Моряки летали по его приказанию на Дальний Восток и должны были доложить о мерах, принятых к усилению береговой обороны и Тихоокеанского флота на случай войны с Японией.
«Но что бы они сейчас ни доложили и какие бы меры ни приняли, все равно они правы, когда говорят, что до тех пор, пока мы не вернем себе Южный Сахалин и Курилы, наш флот там в вечной ловушке и особенно много при таком положении не сделаешь», – подумал он, пожимая руки вошедшим морякам и спрашивая у них, как долетели из Владивостока.
Состояние потрясенности, в котором Серпилин вышел от Сталина, не оставляло его до дома. Он механически сделал все, что положено, – простился с разминувшимся с ним посреди приемной помощником Сталина, взял отмеченный пропуск и четыре раза в разных местах предъявлял его – в последний раз уже при выезде из Кремля, сидя в машине рядом с сопровождавшим его туда и обратно майором.
Казалось бы, все хорошо – Гринько завтра же начнут искать в лагерях и, если найдут, вернут. А происшедшее сегодня с тобой самим есть исполнение самого большого твоего желания, тем более что твердо веришь в себя, веришь, что как командующий будешь сильней Батюка и принесешь больше пользы, чем он. Этого чувства никто у тебя не отнимет, и оно не только личное, в нем частица тех общих перемен, которые по ходу войны все очевидней и неотвратимей происходят в армии. Все больше приходит на разные должности людей, которые действительно могут их исполнять на войне, а многие из тех, о ком только считалось, что могут, с почетом или без почета отходят в сторону от главных дел войны.
Казалось бы, все хорошо.
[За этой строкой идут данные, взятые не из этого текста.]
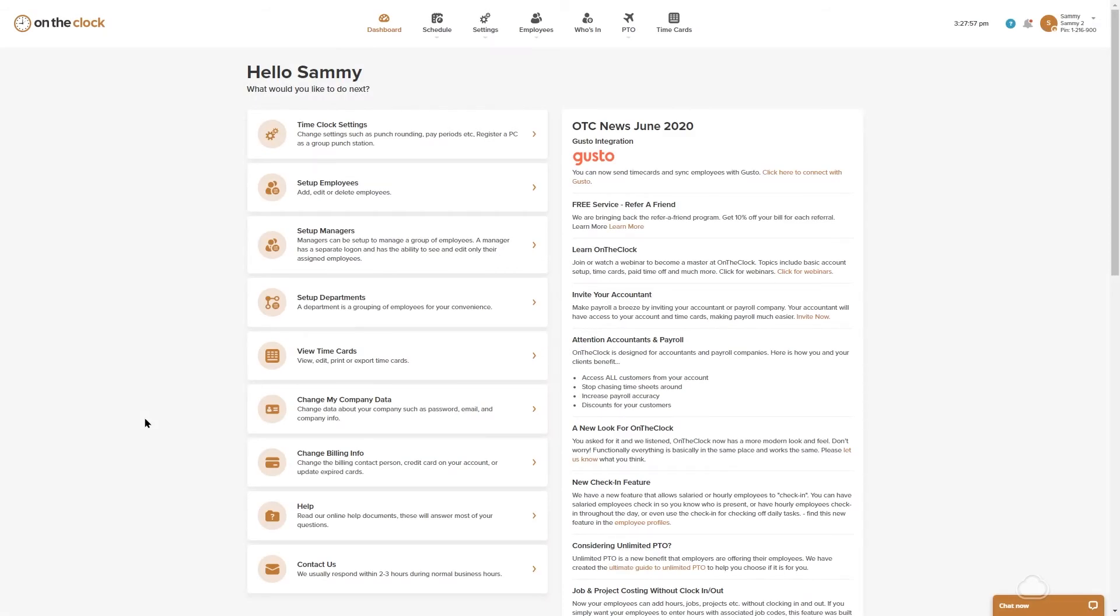Hello everyone, my name is Samantha. I am with OnTheClock and today I'm going to be showing you how to set up locations and location restrictions in your OnTheClock account.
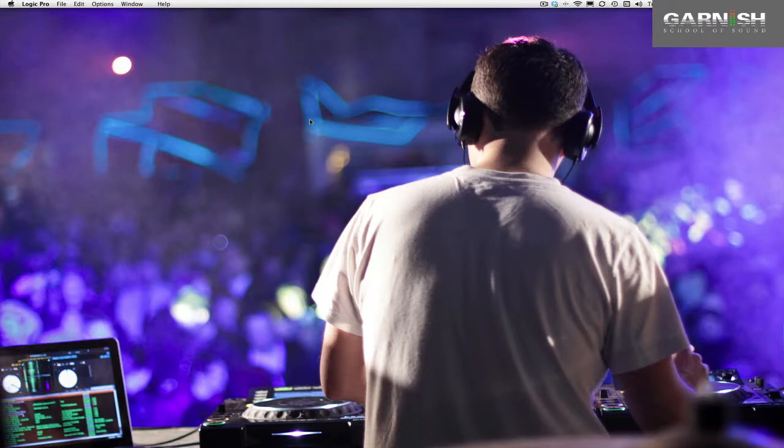Hello, welcome along to this video tutorial. My name is Larry Holcomb from Rebel Sonics and I'm also one of the lecturers from the Garnish School of Sound in London.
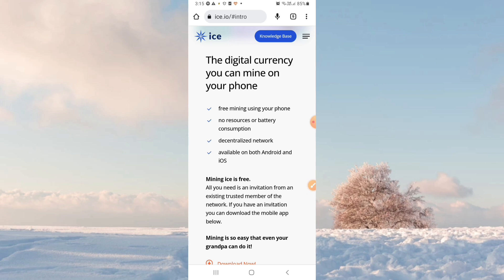Guys, I'm going to talk about a mining platform. I'm going to talk about ISON — the digital currency you can mine on your phone. Free mining using your phone.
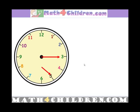Okay, we've got the long hand at three, we've got the short hand at four, or past four.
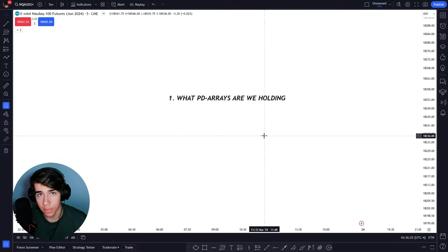Welcome back. This is going to be another draw on liquidity video, but it's going to be a bit different because I've discovered something that increased my win rate drastically, and that is exactly what I'm going to be showing you in this video.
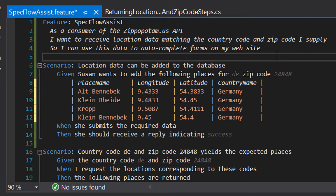As a result, you'll end up with cleaner steps, cleaner scenarios, and much better readability. Let's take a quick look at an example in SpecFlow. I want to add a number of places for an existing country code and existing zip code. Because the data has a somewhat more complex structure, I chose to use a table to pass the arguments to the step definition. This is a table with four columns and four rows, and the final column — country name — is Germany for all four places.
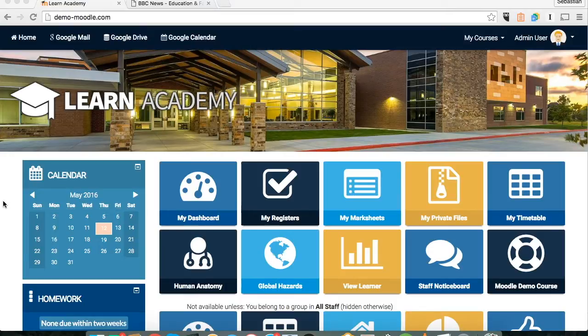Hi everybody and thanks for joining. My name is Seb Francis and I'm with Titus Learning. Today we're going to look at how to add an RSS feed to your Moodle site.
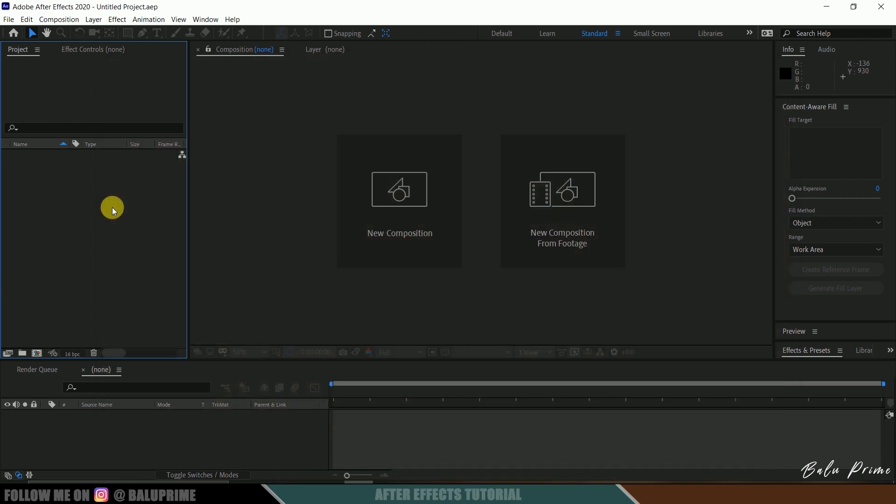Now without any further ado, let's begin this tutorial. So here we are in After Effects, now let's start by importing your footage onto this project panel.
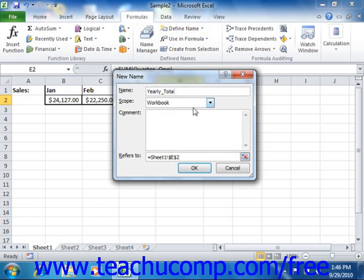Next, in the Refers to text box, click the Collapse dialog button at the right end of the text box.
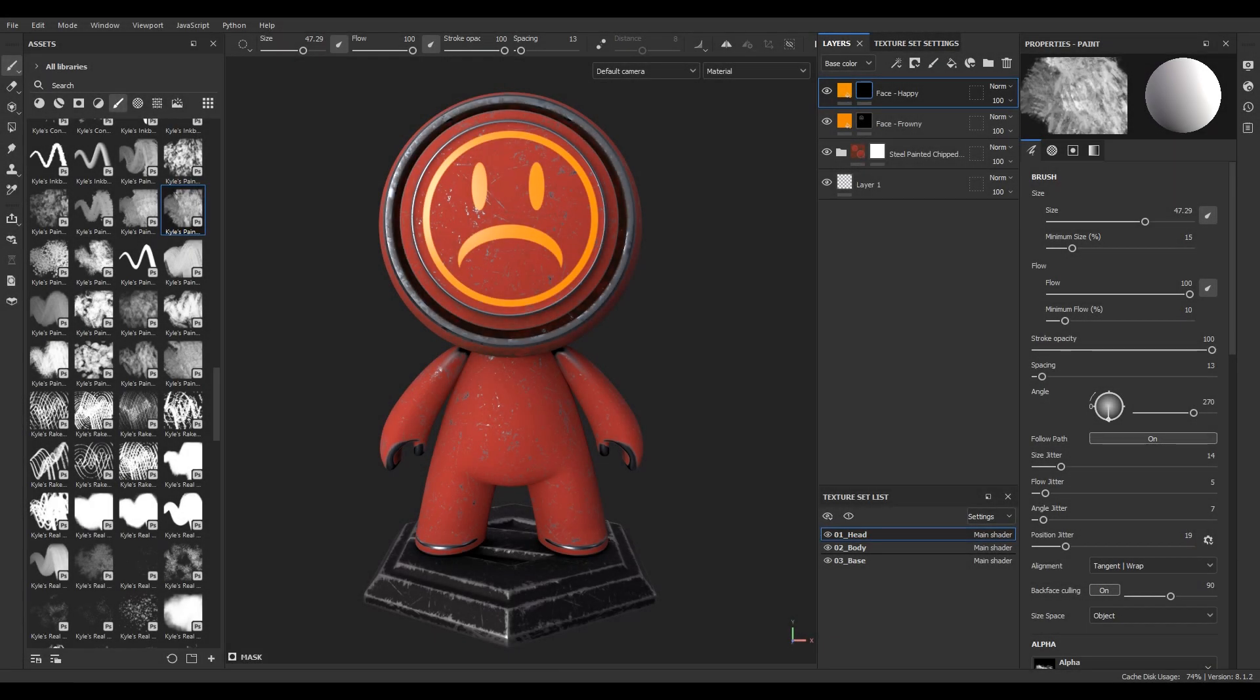Meet Matt. Things haven't been going too well for him lately. His wife hates him, his boss has it out for him, and his delinquent kids are about to get kicked out of school. But we can help make things better.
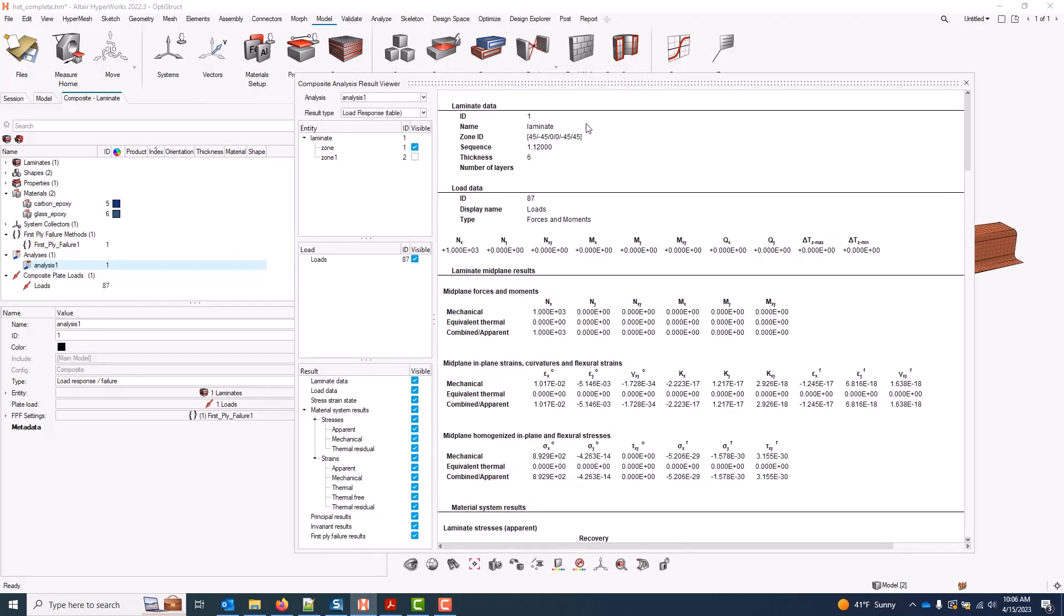And now that I have results, because I'm pointing to a laminate and the laminate is fully defined, I get results for each zone in the laminate, of which there are two for this example. I get a printout of my laminate data, so the stacking sequence of each zone.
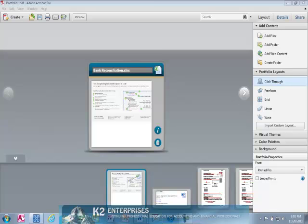Once you have saved the portfolio, again, you can open any of the documents in the portfolio simply by double-clicking on that document. As you can see, portfolios are exceedingly easy to create in Acrobat and provide a terrific way to keep related files in one location while simultaneously enhancing security and creating an appealing user interface.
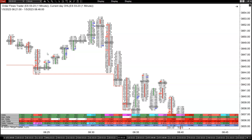What I'm going to be talking about today is using a delta footprint to spot absorption. The reason I want to bring this up is because I've gotten a few emails over the last week — basically over the Christmas break — asking how can you see absorption, because absorption is a term that gets thrown around a lot. When you're using a footprint chart, in my opinion, the easiest way to see it is by using a delta footprint.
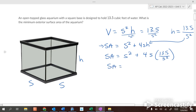So the surface area is s squared plus 4s times (13.5 over s squared). The s cancels with one of the s's in the denominator, and 4 times 13.5 is 54. So the surface area equals s squared plus 54 over s.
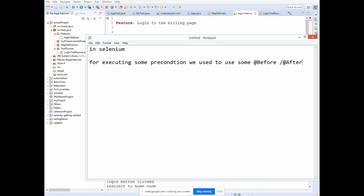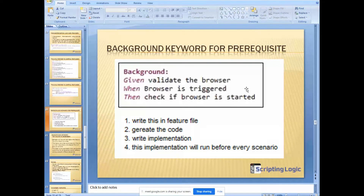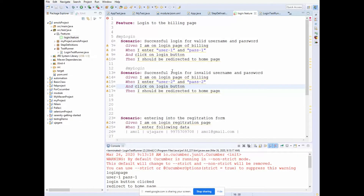So can we do something similar in Cucumber with feature files? Yes, we can — we have the background keyword. You write 'Background' and below that you write the steps you want to execute. For example: given 'validate the browser', 'browser is triggered', 'check if the browser is started'. This will run before every scenario.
А на душе смертельная тяжесть! Как свойственно всякой здоровой натуре, Серпилин, стремясь справиться с испытанным им потрясением, мысленно выдвигал на первый план хорошие стороны происшедшего. Но до конца восстановить в себе равновесие ему так и не удалось: то, что он прочел в глазах Сталина, было слишком страшным даже для такой сильной души, как его.
Все это было как длинный коридор, где по дороге и вопрос, веришь ли Гринько, как самому себе, и назначение командующим армией, и смех, когда объяснял про «Николая Ивановича», и мягкое прикосновение руки к плечу: «Нашел время, когда сидеть», – и слова: «Ежова мы наказали», – но в самом конце этого мысленного коридора, как в тупике, были глаза, сказавшие: жаловаться некому! Несмотря на свою мгновенность, это было, наверное, самое ужасное открытие, сделанное Серпилиным в жизни. И прочел он это в глазах человека, который второй год стоял во главе не на жизнь, а на смерть воевавшей страны и – в этом Серпилин не мог позволить себе усомниться, – очевидно, делал сейчас для победы все, на что был способен. Сталин и сейчас, несмотря на эту страшную, прочтенную в его глазах догадку, остался для Серпилина человеком, которого надо было, не колеблясь, заслонить собой, если б в него стреляли. И, вздрогнув оттого, что ему пришла сама мысль об этом, Серпилин вдруг подумал: «А может быть, все-таки тогда, в тридцать седьмом, в него действительно собирались стрелять и с этого все и началось?» Да, Серпилин закрыл бы его собой сейчас не только по долгу солдата, но и из убеждения, что его смерть была бы несчастьем для воевавшей страны и имела бы неисчислимые последствия.
Он с ненавистью подумал о немцах, о том, как бы их обрадовала эта смерть, и вспомнил, как на дневке, когда шел с полком занимать оборону у Могилева, они слушали по рации выступление Сталина. Их потрясло тогда не только то, что они услышали, но и то, как вдруг заговорил Сталин – по-другому, чем всегда, заговорил, как человек, связанный со всеми ними общим горем, которое вместе хлебать.
Кто знает, чем они тогда были вызваны на самом деле, эти внезапные слова: «Братья и сестры, к вам обращаюсь я, друзья мои», – просто волнением или вдруг в ту минуту вернувшимся под грузом невзгод ощущением своей зависимости от народа?